#### DATASET CONTENT ####

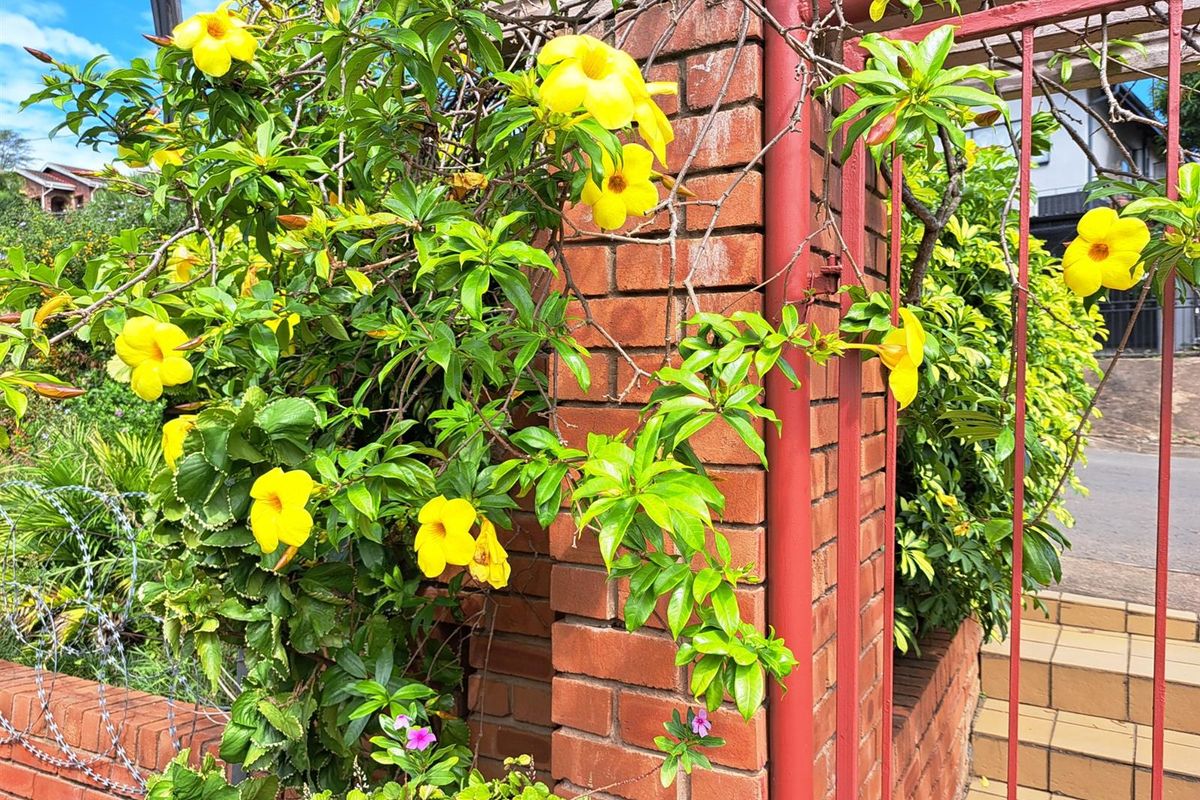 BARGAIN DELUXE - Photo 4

####
#### DATASET CONTENT ####

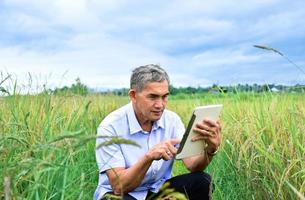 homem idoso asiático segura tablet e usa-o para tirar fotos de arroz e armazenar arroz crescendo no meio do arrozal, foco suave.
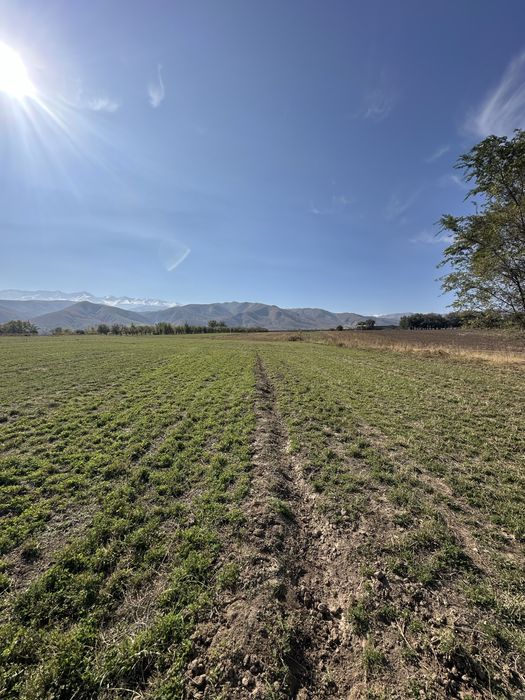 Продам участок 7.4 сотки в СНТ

####

_WHAT THIS TASK INVOLVES_
Print from the line containing "homem idoso asiático" through the line containing "Продам участок 7.4 сотки в СНТ" in the data above, exactly as the lines stand, and omit every picture.

_EXPECTED OUTPUT_
 homem idoso asiático segura tablet e usa-o para tirar fotos de arroz e armazenar arroz crescendo no meio do arrozal, foco suave.
 Продам участок 7.4 сотки в СНТ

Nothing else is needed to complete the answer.